El error, Señor, quizá haya sido imaginarte como algo más entre las cosas del mundo. Algo muy santo y muy bueno, pero en el fondo algo. Como es ser juez, ser poeta, ser padre, ser científico, ser dios. Así no me extraña que haya oposiciones y competencias. Pero si no eres algo más entre las cosas del mundo, sino un Alguien en ellas que las sostienes y fundas, el Alguien personal que posibilitas su crecimiento y desarrollo, quien las abocas a su plenitud desde su misma autonomía, entonces no hay oposición ni competencia sino madurez que permite relación y comunión, que confluye a la plena realización del hombre y al logro de tu paternidad en él.
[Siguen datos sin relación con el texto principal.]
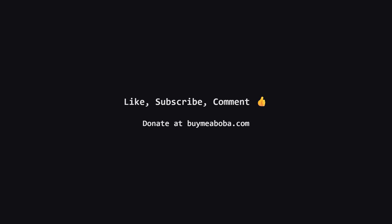Hope this LeetCode solution breakdown made sense. If it helped, give that like button a click, maybe subscribe for more, or drop a comment if you have questions. Make sure to turn on the notification bell so you know straight away when I upload a video, because I upload videos daily. This channel doesn't make any money from sponsorships or ads yet, so if you're feeling generous, there's always the Boba Fund. Keep coding, and I'll catch you in the next one.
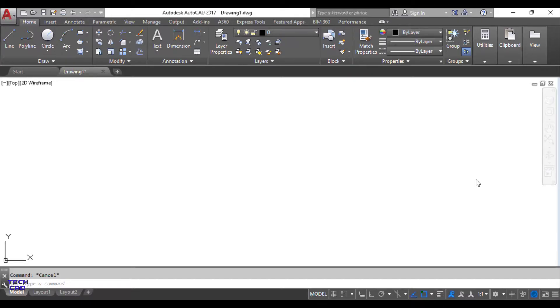Hello everyone, in this tutorial we are going to understand two commands in AutoCAD. First is join command and another is explode command.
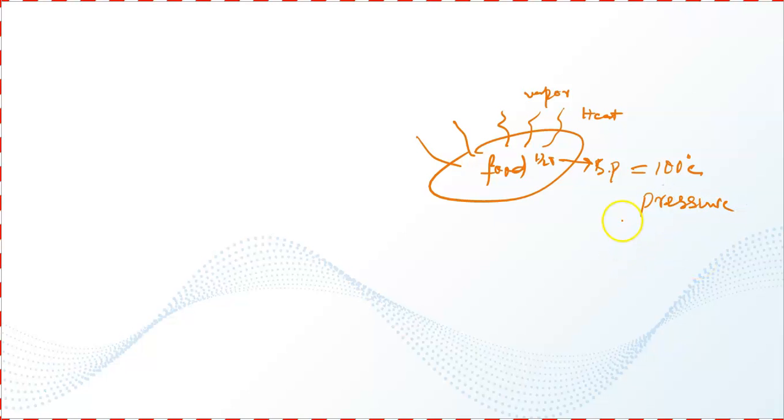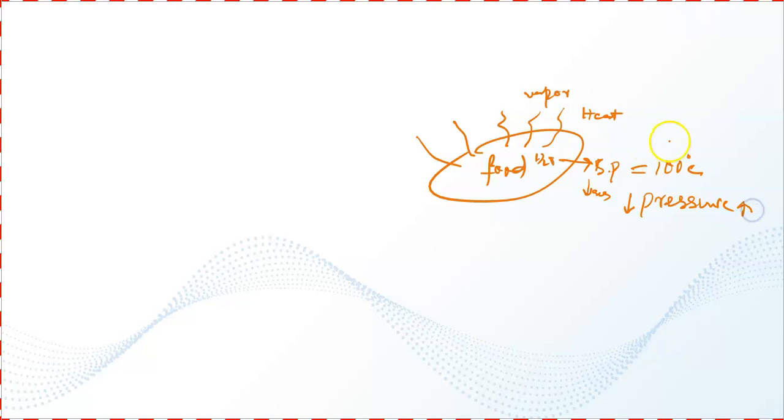When we decrease the pressure, the boiling point of water decreases. But when we increase the pressure, the boiling point of water increases.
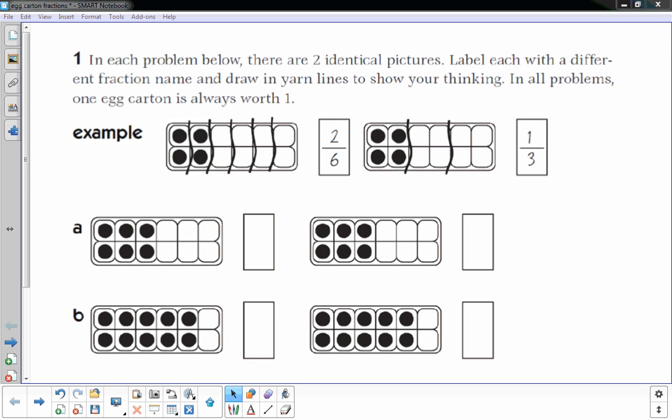Thanks for joining me, this is Mr. Knowles and this video focuses on egg carton fractions. We use egg cartons to help visualize fractions in class. This is based off a worksheet that students get in class. Let's get started. In each problem below there are two identical pictures — label each with a different fraction name and draw in yarn lines to show your thinking. In all problems, one egg carton is always worth one whole.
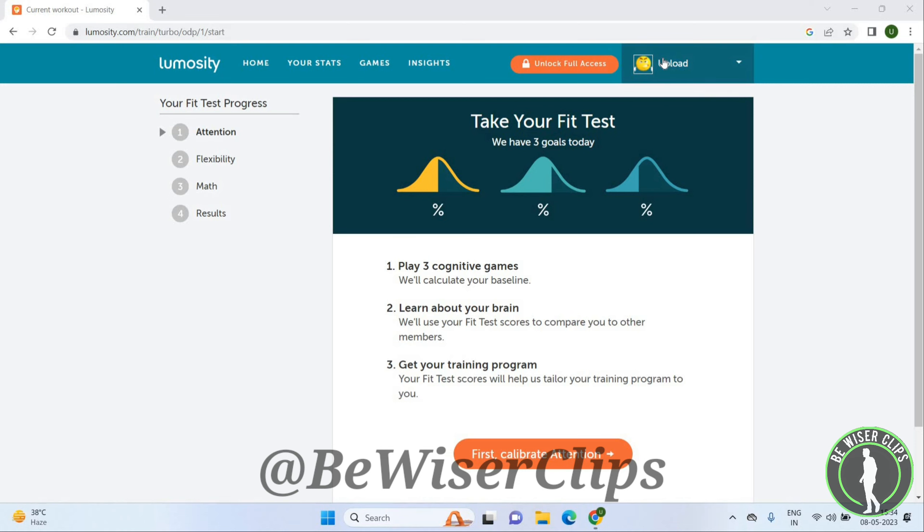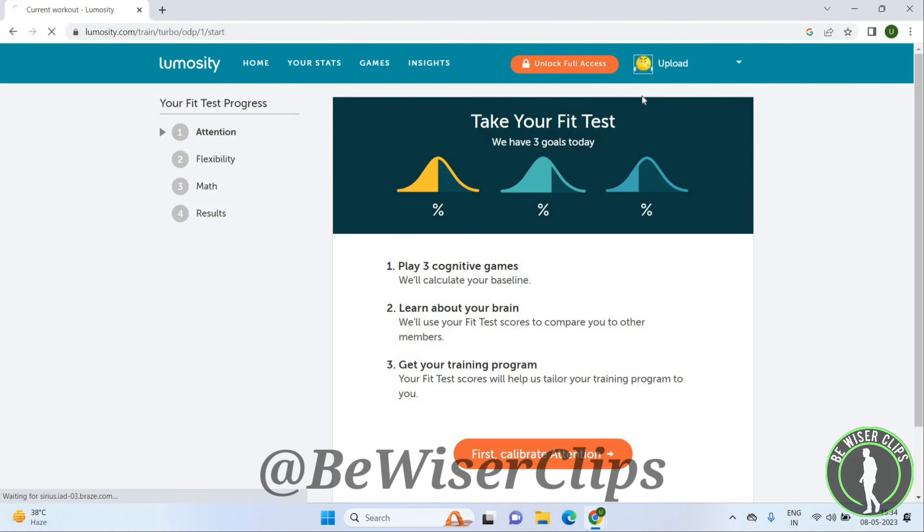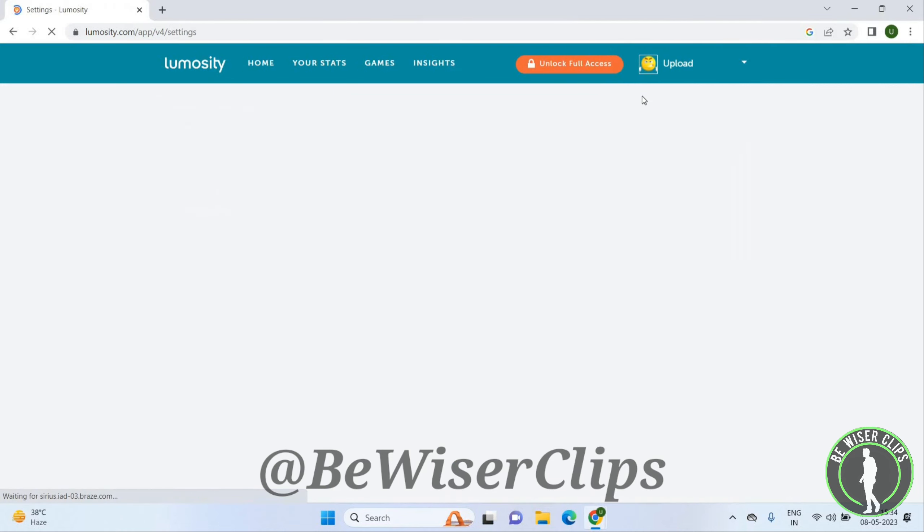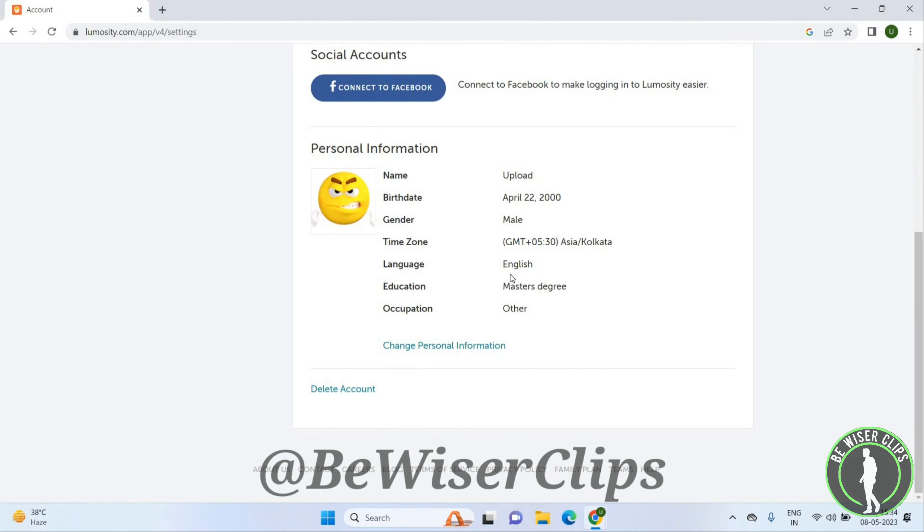Here you have to click on the account settings option. You just have to scroll down and you can see the delete account option. So once you click on the delete account, then your account will be deleted from here.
Tú estás, Padre, en el hombre, en su historia, en su mundo. No estás entre los hombres, entres sus historias, como una historia más, entre las cosas del mundo como un trasto más que utilizar. Tu presencia es en él mismo, como Tú lo quisiste, autónomo y creador, dominando la tierra y el universo. Cuando él lo logra, Tu sientes la alegría legítima de quien ha logrado que el deseo se haya convertido en realidad. Y el hijo que llega a la verdadera madurez, a la realización de su ser hombre, descubre en ella y en los caminos que anduvo hasta lograrla, la presencia respetuosa y amorosa de su Padre. Llegar a ser hombre realizado es dicha agradecida del hijo, reconocimiento amoroso de tu acción y acción de gracias por tu presencia inefable en nuestra historia.